First welcome to the board. I am sure you'll have several people much more informed on this than I am chime in but I am kind of wondering why you're having so much trouble too. 

A 71 400 should have reasonably compatible mounts to the 66 frame mounts all things being considered. Which 71 block do you have? (What engine code) and you mention 3 mounting hole mounts and to my knowledge there are only 2 bolt mounts in use on Pontiac blocks. Several blocks are tapped with multiple mount holes since they were used on A bodies, big cars and birds so they have different locations the mounts could be bolted to the block to accommodate the different frame mounts. 
Pictures?


----------



## Zcustoms (Apr 13, 2012)

Thanks for the welcome Pure...yep, Im wondering why its so much trouble myself. This is a 1971 block that came with Trans am mounts, the 3 hole mounts, you cant just use the two as they are about an inch and a half wider than the standard gto/lemans mounts, the trans am mounts use a special seperate rubber frame mount that mounts the the rail, the GTO/Lemans uses the rectangular 3 hole frame mounts, the block number is 481988, I found this to be a 1971 and again the mounts that came with it are for a trans am. I have to believe all this trouble could be solved easily with the correct mount, but 7 stores and 7 days later and no one can tell me what mount to get. All help is appreciated greatly as 7 days to mount up an engine does not make me any money. LOL.


----------



## Instg8ter (Sep 28, 2010)

google is a wonderful thing.....welcome to the herd

Pontiac GTO Engine Mount - Motor Mounts - Westar - 1966 1967 66 67 - PartsGeek.com

the left and right are different


----------



## facn8me (Jul 30, 2011)

nope.. the gto/lemans uses the 2 hole mounts and mount further to the front. Your block if it is a 71 should have all 5 bolt holes. It it only has three... you have a 77-79 block and an adapter kit is needed which they make or you could fab up your own. Stupid question but did you pull a pontiac out?


----------



## Instg8ter (Sep 28, 2010)

And yes the incorrect or incorrectly mounted motor mounts are creating the trans cross member problem you should not have to shim anything they fit snug when they come together. Pontiac motors are a bitch to drop in with the trans mounted up also, especially if you have power brakes and the valve covers on. The drivers side block mount will have a "T" shaped tab on it. The mounts will use the block holes that center them on the middle freeze plug.


----------



## facn8me (Jul 30, 2011)

Instg8ter said:


> Pontiac motors are a bitch to drop in with the trans mounted up .

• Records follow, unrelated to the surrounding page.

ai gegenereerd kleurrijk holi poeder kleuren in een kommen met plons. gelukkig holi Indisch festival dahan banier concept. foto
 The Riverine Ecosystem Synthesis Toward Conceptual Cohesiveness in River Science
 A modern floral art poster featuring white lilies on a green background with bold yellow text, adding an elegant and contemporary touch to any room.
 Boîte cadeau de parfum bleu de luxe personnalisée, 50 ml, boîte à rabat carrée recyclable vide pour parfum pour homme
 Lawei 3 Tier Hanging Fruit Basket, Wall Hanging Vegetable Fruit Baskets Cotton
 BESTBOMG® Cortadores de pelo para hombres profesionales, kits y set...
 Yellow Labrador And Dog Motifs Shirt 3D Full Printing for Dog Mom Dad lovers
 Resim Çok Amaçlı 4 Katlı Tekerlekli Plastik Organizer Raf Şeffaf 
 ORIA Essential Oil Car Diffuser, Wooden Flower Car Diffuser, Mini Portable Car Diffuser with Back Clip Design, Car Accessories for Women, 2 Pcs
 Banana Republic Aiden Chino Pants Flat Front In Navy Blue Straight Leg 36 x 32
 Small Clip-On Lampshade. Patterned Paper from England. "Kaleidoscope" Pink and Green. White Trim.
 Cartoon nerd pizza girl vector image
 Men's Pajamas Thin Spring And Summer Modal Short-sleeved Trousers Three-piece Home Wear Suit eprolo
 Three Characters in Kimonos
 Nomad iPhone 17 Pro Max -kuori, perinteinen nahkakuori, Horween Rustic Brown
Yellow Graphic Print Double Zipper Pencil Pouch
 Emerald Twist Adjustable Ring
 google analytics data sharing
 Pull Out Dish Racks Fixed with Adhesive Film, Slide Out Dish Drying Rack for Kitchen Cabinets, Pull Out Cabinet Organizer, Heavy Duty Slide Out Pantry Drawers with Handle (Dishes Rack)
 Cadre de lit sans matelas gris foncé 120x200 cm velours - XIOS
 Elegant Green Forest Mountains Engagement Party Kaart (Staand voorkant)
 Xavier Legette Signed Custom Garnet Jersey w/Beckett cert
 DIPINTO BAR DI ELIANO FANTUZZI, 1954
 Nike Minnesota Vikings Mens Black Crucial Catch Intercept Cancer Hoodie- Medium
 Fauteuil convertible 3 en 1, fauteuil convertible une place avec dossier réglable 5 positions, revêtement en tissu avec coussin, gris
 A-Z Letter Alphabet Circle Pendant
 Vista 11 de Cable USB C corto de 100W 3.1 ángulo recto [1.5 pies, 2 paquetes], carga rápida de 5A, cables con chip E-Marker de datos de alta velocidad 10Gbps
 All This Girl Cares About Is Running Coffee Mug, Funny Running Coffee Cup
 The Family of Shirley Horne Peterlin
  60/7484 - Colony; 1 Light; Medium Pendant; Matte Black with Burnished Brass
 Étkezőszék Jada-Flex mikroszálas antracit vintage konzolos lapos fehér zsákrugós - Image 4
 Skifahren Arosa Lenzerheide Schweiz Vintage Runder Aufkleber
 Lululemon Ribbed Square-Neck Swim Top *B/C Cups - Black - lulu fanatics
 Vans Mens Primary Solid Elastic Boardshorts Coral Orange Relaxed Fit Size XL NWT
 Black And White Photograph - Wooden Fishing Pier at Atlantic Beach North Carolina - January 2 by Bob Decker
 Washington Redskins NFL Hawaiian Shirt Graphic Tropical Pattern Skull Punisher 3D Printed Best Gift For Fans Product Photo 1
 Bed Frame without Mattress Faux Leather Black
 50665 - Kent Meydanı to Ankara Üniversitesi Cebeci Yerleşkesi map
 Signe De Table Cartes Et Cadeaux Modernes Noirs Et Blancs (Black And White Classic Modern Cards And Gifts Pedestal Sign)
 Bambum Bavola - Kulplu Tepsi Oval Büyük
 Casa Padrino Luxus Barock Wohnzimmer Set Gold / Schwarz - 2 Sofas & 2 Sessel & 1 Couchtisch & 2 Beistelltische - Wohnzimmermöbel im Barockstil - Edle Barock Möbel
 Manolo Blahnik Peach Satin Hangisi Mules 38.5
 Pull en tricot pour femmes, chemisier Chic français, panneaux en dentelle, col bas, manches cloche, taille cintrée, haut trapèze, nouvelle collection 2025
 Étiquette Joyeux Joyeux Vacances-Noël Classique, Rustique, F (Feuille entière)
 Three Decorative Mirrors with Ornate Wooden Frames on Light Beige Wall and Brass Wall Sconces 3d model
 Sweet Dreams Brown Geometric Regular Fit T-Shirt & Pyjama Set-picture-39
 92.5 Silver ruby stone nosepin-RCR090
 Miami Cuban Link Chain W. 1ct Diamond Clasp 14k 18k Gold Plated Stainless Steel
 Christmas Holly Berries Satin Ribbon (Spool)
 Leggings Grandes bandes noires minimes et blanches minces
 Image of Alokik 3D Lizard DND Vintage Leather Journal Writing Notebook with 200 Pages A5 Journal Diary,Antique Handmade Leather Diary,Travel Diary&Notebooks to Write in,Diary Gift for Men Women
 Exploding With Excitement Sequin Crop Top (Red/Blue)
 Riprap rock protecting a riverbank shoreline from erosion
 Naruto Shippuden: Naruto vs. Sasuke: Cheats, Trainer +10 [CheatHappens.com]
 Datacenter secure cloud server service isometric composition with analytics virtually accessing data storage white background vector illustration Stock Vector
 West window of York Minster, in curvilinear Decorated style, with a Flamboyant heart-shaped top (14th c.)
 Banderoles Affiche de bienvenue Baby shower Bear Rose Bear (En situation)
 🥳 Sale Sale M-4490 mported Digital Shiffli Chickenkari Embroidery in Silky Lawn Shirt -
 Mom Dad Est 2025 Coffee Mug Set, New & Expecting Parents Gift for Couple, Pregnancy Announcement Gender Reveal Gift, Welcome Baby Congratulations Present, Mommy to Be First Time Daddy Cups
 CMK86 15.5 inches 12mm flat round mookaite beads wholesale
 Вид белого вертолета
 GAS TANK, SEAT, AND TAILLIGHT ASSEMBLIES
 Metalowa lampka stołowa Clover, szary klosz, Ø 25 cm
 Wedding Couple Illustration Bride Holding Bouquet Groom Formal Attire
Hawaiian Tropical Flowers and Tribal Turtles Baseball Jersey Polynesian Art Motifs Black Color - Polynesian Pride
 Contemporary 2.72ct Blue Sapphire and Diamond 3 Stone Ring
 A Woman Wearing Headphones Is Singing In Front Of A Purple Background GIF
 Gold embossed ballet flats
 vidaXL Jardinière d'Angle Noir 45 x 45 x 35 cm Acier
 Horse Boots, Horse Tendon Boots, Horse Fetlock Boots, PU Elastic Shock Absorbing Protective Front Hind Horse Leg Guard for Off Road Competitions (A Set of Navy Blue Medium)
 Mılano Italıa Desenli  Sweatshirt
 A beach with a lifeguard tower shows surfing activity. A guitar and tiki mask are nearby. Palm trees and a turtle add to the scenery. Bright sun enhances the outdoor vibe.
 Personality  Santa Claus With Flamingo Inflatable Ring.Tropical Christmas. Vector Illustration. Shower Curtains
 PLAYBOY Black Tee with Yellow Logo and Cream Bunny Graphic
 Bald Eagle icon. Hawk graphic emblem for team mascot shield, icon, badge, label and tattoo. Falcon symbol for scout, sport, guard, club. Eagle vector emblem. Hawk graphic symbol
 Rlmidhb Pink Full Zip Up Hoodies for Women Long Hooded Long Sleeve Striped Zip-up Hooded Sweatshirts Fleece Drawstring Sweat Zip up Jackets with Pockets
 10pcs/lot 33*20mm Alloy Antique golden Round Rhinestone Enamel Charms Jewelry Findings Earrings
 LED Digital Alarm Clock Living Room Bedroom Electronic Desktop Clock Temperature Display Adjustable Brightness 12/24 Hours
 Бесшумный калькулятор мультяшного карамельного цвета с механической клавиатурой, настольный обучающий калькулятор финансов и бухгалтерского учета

Really? Although I pull the d/s valve cover I've done it by myself twice in the last 6 months. Did it with the hood on the first time...


----------



## Zcustoms (Apr 13, 2012)

Good info guys, Im doing a frame off resto on her so install is a breeze, I will look for the second set of holes if there are some, the block code should be correct so they may be there, I know the L and R are different it was really just that its a Trans Am block, I actually just picked up another complete running 400 out of a 68 gto, Ill likely just drop that one into my 67 GTO and try the advice you guys gave on the Original, nothing like spending money on Car Parts...Thanks alot everyone, and yeah, dropping in any motor with the trans mounted is loads fun especially when you have the whole engine bay and firewall painted up and detailed, so much easier just pulling off the body and doing it all right. Cheers...


----------



## Zcustoms (Apr 13, 2012)

Oh ya, Facin8me, I got the car with No motor trans or rear end but it was a hell of a deal, If I had the original Id use it for sure. Cheers..


----------



## facn8me (Jul 30, 2011)

Zcustoms said:


> Oh ya, Facin8me, I got the car with No motor trans or rear end but it was a hell of a deal, If I had the original Id use it for sure. Cheers..


There may be a slim chance someone has chnged the frame mounts to chevy mounts is why I asked. You may be looking at the wrong piece to the problem. Just an idea.


----------



## Zcustoms (Apr 13, 2012)

Got it but nope, I have a 67 gto as well as the 66 and they are the same mounts, I know someone else that purchased a gto 400 and tried to put it into their trans am and had a similar problem in that the trans am of that year needs the 3 wide bolt mounts and the gto block only had the 2 mounts on the block , unless there is an adapter kit I dont konw about(which there could easily be) he ended up selling his trans am and selling me the engine, funny how that worked out. Anyway, Im all set for now on the 66 and will look into other mounts and if I can find em then Ill use the trans am motor in my 67, otherwise Ill just sell it off.


----------